Township in Ohio, US

Springcreek Township is one of the twelve townships of Miami County, Ohio, United States. The 2020 census found 2,144 people in the township.

==Geography==
Located in the northern part of the county, it borders the following townships:
- Orange Township, Shelby County – north
- Brown Township – east
- Lostcreek Township – southeast corner
- Staunton Township – south
- Washington Township – west

Much of western Springcreek Township is occupied by the city of Piqua.

==Name and history==
Springcreek Township was established in 1814, and named for its Spring Creek.

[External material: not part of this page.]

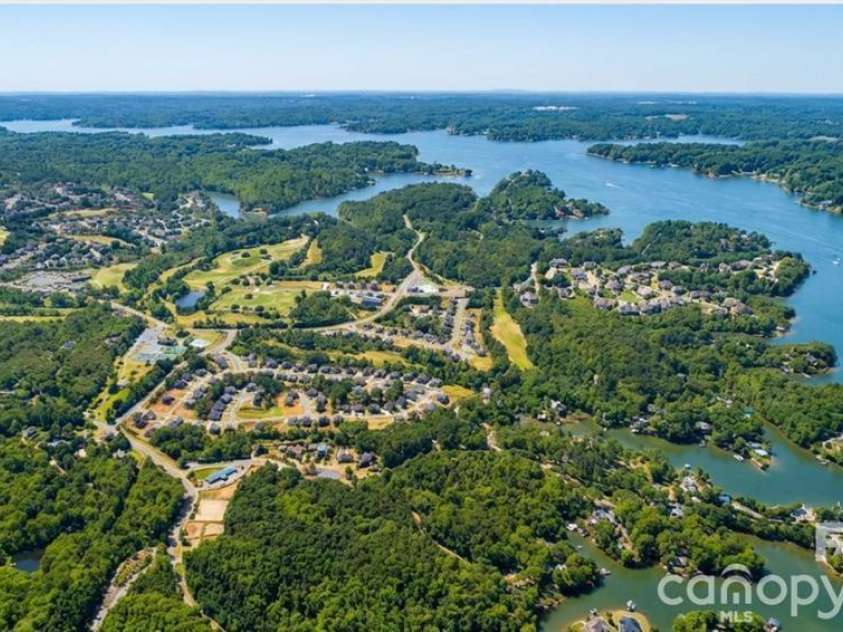 17417 Snug Harbor Drive, Charlotte, NC 28278.  MLS# CAR4345334, YatesRealty ID 13352.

It is the only Springcreek Township statewide.

==Government==
The township is governed by a three-member board of trustees, who are elected in November of odd-numbered years to a four-year term beginning on the following January 1. Two are elected in the year after the presidential election and one is elected in the year before it. There is also an elected township fiscal officer, who serves a four-year term beginning on April 1 of the year after the election, which is held in November of the year before the presidential election. Vacancies in the fiscal officership or on the board of trustees are filled by the remaining trustees.

Meetings are typically held on the second and fourth Monday of the month. This changes with the holiday schedule and is agreed upon between the acting trustees. The meeting location is 8280 Piqua Lockington Rd Piqua, OH 45356.